There are options when you deal with the CRA collections process
Of course, it’s always best to pay all the tax you owe at one time – you’ll save on interest, penalties and even avoid possible legal problems. But sometimes life takes over, and it becomes impossible to honor this commitment. So you have options to pay your debt to CRA, and that’s where Sheriff, Sole and Madej, Inc can help you. We carefully analyze your financial position and can advise you on the best action for your personal circumstances. Take a look at your options below.
What is the difference between interest and penalties levied by CRA?
CRA will charge your interest charge at the prescribed rate and it is compounded (multiplied) daily. Interest is charged on your entire tax debt, which may include penalties.
On the other hand, penalties are usually applied when you are assessed (or reassessed) after filing tax returns, and may be added to your debt when you submit a tax return after the deadline, fail to report income, or knowingly making a false statement on your return. Penalties do not increase with the amount of time you have had a tax debt but may attract interest like the rest of your tax debt.
What Are Your Options When Dealing with CRA Collections?
Option 1: Challenge your assessment
If you think your assessment is too high, or CRA has made a mistake with their calculations, we may be able to help you reduce your debt to a manageable level. We would help you challenge your tax assessment by filing a Notice of Objection. In some situations, this can even be done after the usual three year period to lodge objections has passed.

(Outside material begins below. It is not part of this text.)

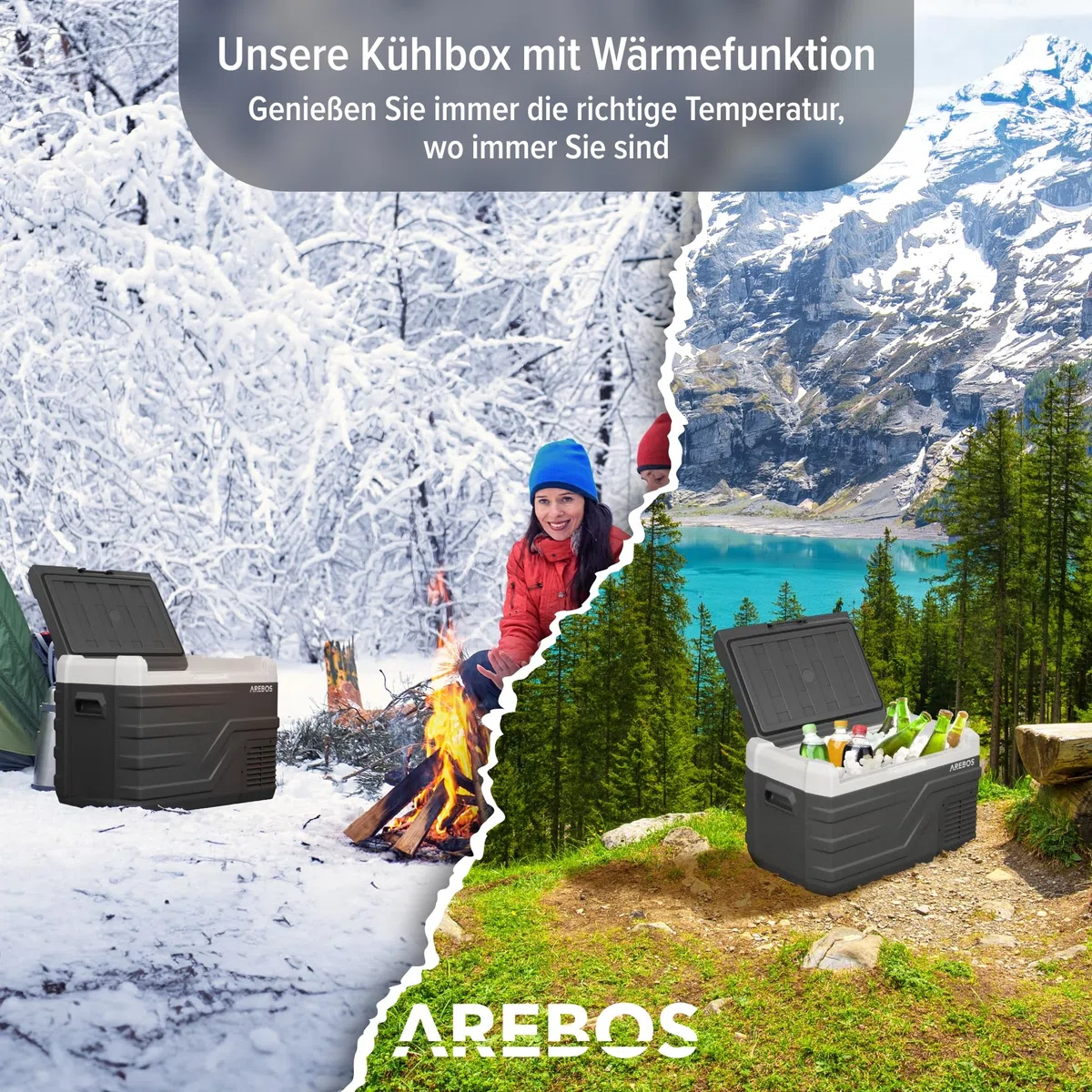 Arebos Kompressor Kühlbox 35 Liter Elektrische Gefrierbox APP Smart-Steuerung Mobile Kühltruhe USB-Anschluss -20 °C 12/24 V 230V Auto LKW Camping Boot Wohnmobil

CRA Collections is not allowed to apply to Federal Court for an order against you if you have unresolved objections. So this could give you time to try and resolve your debt.
Option 2: Make a payment arrangement
When you make a payment arrangement, the CRA agrees to divide your debt up into a number of equal monthly payments. We help you complete the financial questionnaire that CRA needs in order to make a payment arrangement. The kind of information you have to provide is your income, your household expenses, other debts, and your assets, for example, property, cars, jewelry and investments.

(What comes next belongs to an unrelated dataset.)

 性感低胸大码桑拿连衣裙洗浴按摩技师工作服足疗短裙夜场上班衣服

Before they consider your application, you will need to prove to CRA that you have tried to reduce your expenses or take out a loan to pay the debt.

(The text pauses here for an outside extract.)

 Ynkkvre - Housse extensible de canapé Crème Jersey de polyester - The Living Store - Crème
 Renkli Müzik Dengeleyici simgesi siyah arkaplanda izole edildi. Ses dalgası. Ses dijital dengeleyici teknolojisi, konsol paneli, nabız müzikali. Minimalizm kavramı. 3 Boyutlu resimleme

CRA usually reviews payment arrangements every six months, so it’s a good idea to keep your financial information up to date so that it’s easy to resubmit regularly.
Remember, once you have a payment arrangement with CRA, you must never miss a payment, otherwise it will be cancelled. You also have to file your tax returns within the deadline, to keep your payment arrangement valid.
Option 3: Apply for tax forgiveness because of financial hardship
Tax forgiveness can take the form of waiving or canceling of all or part of your interest or penalties. The CRA Collections process allows for this when you have not made payment or submitted your tax return on time because of circumstances beyond your control, especially if they cause you financial hardship.
If you have lost your job or paying the interest and penalties would mean you don’t have money left over for basic necessities like food, rent and healthcare, you may be eligible for tax forgiveness. You may also qualify if you have been the victim of a flood, fire or other natural or man-made disaster, had a serious illness or been in accident, or suffered serious emotional distress, such as a death in your immediate family.
Option 4: File for bankruptcy
Tax forgiveness can take the form of waiving or canceling all or part of your interest or penalties. The CRA Collections process allows for this when you have not made payment or submitted your tax return on time because of circumstances beyond your control, especially if they cause you financial hardship.
If you have lost your job or paying the interest and penalties would mean you don’t have money left over for basic necessities like food, rent, and healthcare, you may be eligible for tax forgiveness. You may also qualify if you have been the victim of a flood, fire, or other natural or man-made disasters, had a serious illness or been in an accident, or suffered serious emotional distress, such as a death in your immediate family.